Doveva essere fumata bianca, e fumata bianca è stata. La RAI ha un nuovo consiglio d’amministrazione, ma i suoi problemi rimangono tutti. Anzi, per amore della verità va detto che questi problemi escono amplificati dalla surreale vicenda del voto della commissione parlamentare di Vigilanza.
Nello sbloccare la situazione di stallo ha pesato più la minaccia di commissariamento (concretizzatasi sotto forma di ipotesi di decreto legge), piuttosto che la mossa di Schifani che ha suscitato le ire di Fini. Mossa formalmente ineccepibile, quella del presidente del Senato che ha sostituito il “ribelle” Paolo Amato con Pasquale Viespoli. Ineccepibile perché Viespoli da mesi chiedeva che il suo gruppo, “Coesione Nazionale” (cioè la versione di Palazzo Madama dei “responsabili”) fosse rappresentata in Vigilanza. Quel che è discutibile è la scelta dei tempi, cioè a urne aperte.
Se però si ragiona senza i paraocchi non si può dimenticare che partirono applausi bipartisan allo stesso Schifani, quando avallò la sostituzione di un altro ribelle, Riccardo Villari, con Sergio Zavoli. In quel momento l’operazione era utile all’equilibrio del sistema, oggi forse lo è un po’ meno, quindi è sempre una questione di tempi, oppure di misure e di pesi che cambiano troppo spesso e troppo rapidamente.
Sul terreno rimangono comunque i cocci della legge Gasparri e del suo meccanismo consociativo di nomina dei vertici del servizio pubblico radiotelevisivo.
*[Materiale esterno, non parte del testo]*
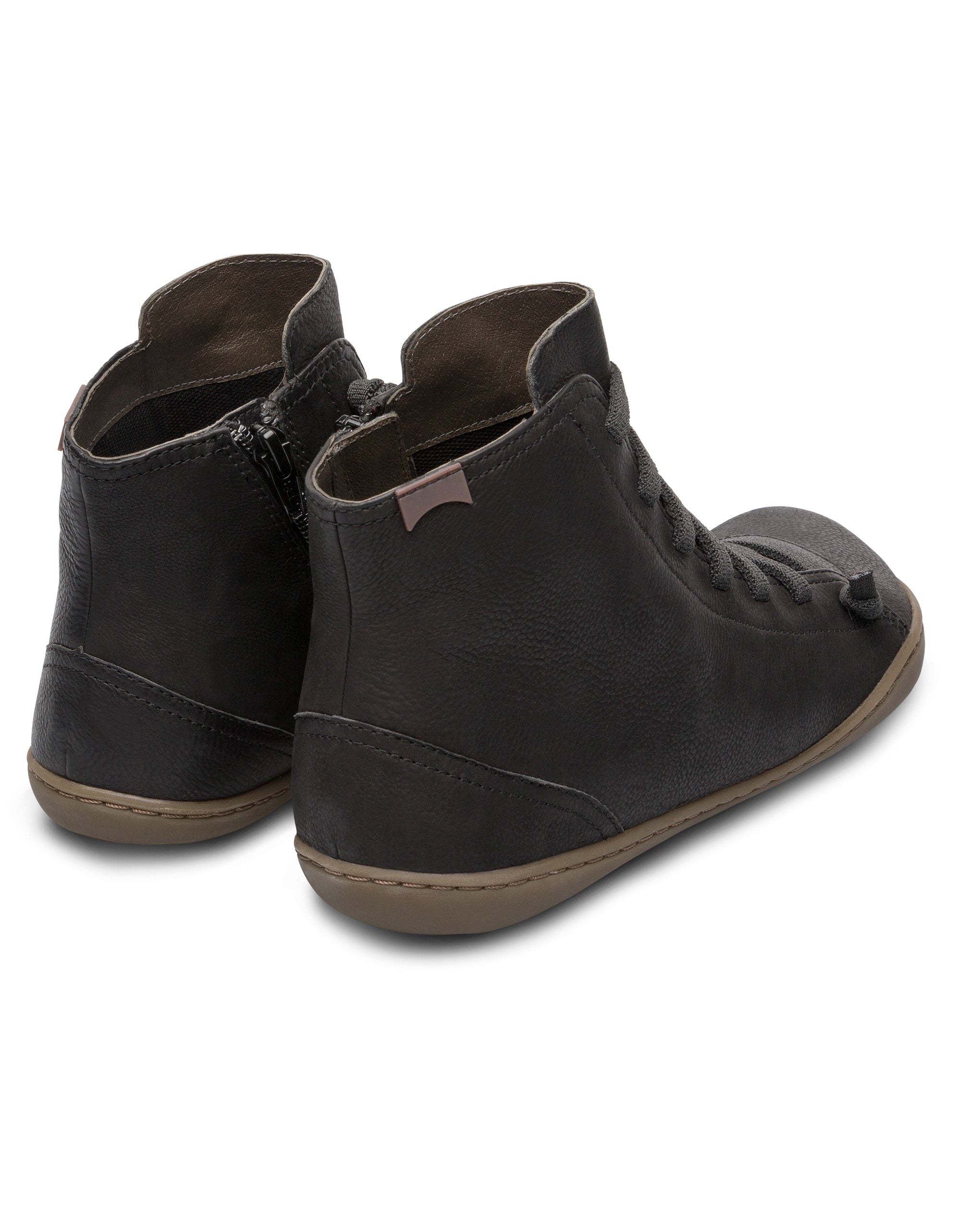 Camper Women's Peu Cami in Black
Nessuno ha voluto mollare la presa. C’è chi ci ha messo la faccia, come il PDL o l’UDC, che hanno confermato i consiglieri uscenti Verro, Rositani e De Laurentis (oltre all’estensore della legge Gasparri, Pilati), oppure chi si è trincerato dietro le scelte della cosiddetta società civile. Bersani ha indicato la via, sposando i nomi di Benedetta Tobagi e Gherardo Colombo, la Lega si è accodata, sostenendo la candidatura targata Confindustria di Luisa Todini per avere un pretesto per rientrare in gioco.
Niente di nuovo sotto il sole, quindi. Lottizzazione era e lottizzazione è stata, anche questa volta. Il centrodestra ha confermato con fatica la teorica maggioranza di quattro a tre nel massimo organo dirigenziale della RAI, ma il vero ago della bilancia saranno gli altri due consiglieri, quelli indicati dal governo: Anna Maria Tarantola, scelta per la presidenza e il vicecapo di gabinetto del Tesoro, Marco Pinto, di cui è difficile persino trovare una foto su internet.
Saranno loro a dover spalleggiare l’opera di risanamento di Luigi Gubitosi, già indicato per la direzione generale da un mese, con un notevole strappo sui tempi e sulle procedure. Dai tempi di Wind Gubitosi si porta dietro la fama di “uomo delle forbici”, quindi a Viale Mazzini c’è già chi si preoccupa. Prima sfida sarà una “spending review” in versione radiotelevisiva, anche per verificare la congruenza dei conti della gestione di Lorenza Lei, su cui in parecchi avanzano dubbi.
Sarà un intervento doloroso, almeno tanto quanto quello che Monti sta tentando di imporre sulla pubblica amministrazione, la giustizia e la sanità. Si dovranno andare a toccare santuari ancora intatti e scontrarsi con resistenze politiche e sindacali, dall’Usigrai dei giornalisti, al potentissimo Adrai dei dirigenti.
Nel frattempo però bisognerebbe fare tesoro delle brutte esperienze e mettere mano al meccanismo di governante del servizio pubblico. Assodato che la “Gasparri” non funziona, bisognerebbe metterci mano, senza la pressione di una scadenza imminente dei vertici di viale Mazzini. Se si perderà anche questa occasione la RAI continuerà il suo declino boccheggiante in una china discendente che ogni giorno in più assomiglia a quella dell’Alitalia. Con l’aggravante che la percentuale di colpa dei partiti qui è infinitamente superiore.